Analysis of the HSEES Chemical Incident Database Using Data and Text Mining Methodologies
MetadataShow full item record
Chemical incidents can be prevented or mitigated by improving safety performance and implementing the lessons learned from past incidents. Despite some limitations in the range of information they provide, chemical incident databases can be utilized as sources of lessons learned from incidents by evaluating patterns and relationships that exist between the data variables. Much of the previous research focused on studying the causal factors of incidents; hence, this research analyzes the chemical incidents from both the causal and consequence elements of the incidents. A subset of incidents data reported to the Hazardous Substance Emergency Events Surveillance (HSEES) chemical incident database from 2002-2006 was analyzed using data mining and text mining methodologies. Both methodologies were performed with the aid of STATISTICA software. The analysis studied 12,737 chemical process related incidents and extracted descriptions of incidents in free-text data format from 3,316 incident reports. The structured data was analyzed using data mining tools such as classification and regression trees, association rules, and cluster analysis. The unstructured data (textual data) was transformed into structured data using text mining, and subsequently analyzed further using data mining tools such as, feature selections and cluster analysis.

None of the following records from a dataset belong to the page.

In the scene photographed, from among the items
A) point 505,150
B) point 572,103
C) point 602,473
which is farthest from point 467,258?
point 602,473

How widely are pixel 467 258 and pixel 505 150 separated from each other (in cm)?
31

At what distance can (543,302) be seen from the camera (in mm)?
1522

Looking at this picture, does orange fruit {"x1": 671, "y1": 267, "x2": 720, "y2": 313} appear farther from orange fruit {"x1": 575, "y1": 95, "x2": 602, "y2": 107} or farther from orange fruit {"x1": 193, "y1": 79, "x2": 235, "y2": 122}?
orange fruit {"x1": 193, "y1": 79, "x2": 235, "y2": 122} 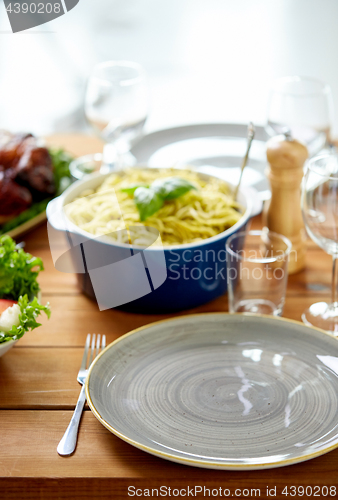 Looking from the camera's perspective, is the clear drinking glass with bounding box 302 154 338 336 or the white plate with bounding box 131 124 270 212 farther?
the white plate with bounding box 131 124 270 212

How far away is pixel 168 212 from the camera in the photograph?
110 centimetres

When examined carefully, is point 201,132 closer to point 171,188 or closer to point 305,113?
point 305,113

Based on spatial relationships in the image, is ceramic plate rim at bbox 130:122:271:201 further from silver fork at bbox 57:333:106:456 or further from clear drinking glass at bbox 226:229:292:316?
silver fork at bbox 57:333:106:456

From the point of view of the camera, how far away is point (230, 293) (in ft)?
3.37

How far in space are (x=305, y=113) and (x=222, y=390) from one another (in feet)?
2.59

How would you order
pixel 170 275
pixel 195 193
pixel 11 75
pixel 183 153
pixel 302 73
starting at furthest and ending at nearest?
pixel 11 75 < pixel 302 73 < pixel 183 153 < pixel 195 193 < pixel 170 275

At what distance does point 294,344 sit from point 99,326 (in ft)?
1.21

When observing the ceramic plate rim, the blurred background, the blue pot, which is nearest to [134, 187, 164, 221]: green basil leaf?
the blue pot

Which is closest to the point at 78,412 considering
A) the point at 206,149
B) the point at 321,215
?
the point at 321,215

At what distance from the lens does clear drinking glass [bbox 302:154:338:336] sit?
96 centimetres

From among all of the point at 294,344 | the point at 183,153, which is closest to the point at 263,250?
the point at 294,344

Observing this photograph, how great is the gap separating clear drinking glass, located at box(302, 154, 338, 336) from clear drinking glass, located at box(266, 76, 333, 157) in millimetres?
339

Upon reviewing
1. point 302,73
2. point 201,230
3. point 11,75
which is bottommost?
point 302,73

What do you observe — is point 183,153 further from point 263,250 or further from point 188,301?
point 188,301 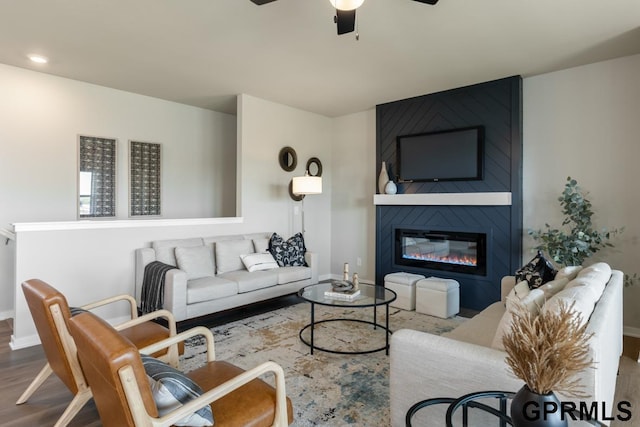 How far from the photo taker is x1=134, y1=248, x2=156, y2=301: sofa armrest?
3881 mm

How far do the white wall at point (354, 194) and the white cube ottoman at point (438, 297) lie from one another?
148 centimetres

The data mining analysis demonstrated that this technique can be used in estimating the incident severity based on input variables of release quantity and distance between victims and source of release. Using the subset data of ammonia release, the classification and regression tree produced 23 final nodes. Each of the final nodes corresponded to a range of release quantity and, of distance between victims and source of release. For each node, the severity of injury was estimated from the observed severity scores' average. The association rule identified the conditional probability for incidents involving piping, chlorine, ammonia, and benzene in the value of 0.19, 0.04, 0.12, and 0.04 respectively. The text mining was utilized successfully to generate elements of incidents that can be used in developing incident scenarios. Also, the research has identified information gaps in the HSEES database that can be improved to enhance future data analysis. The findings from data mining and text mining should then be used to modify or revise design, operation, emergency response planning or other management strategies.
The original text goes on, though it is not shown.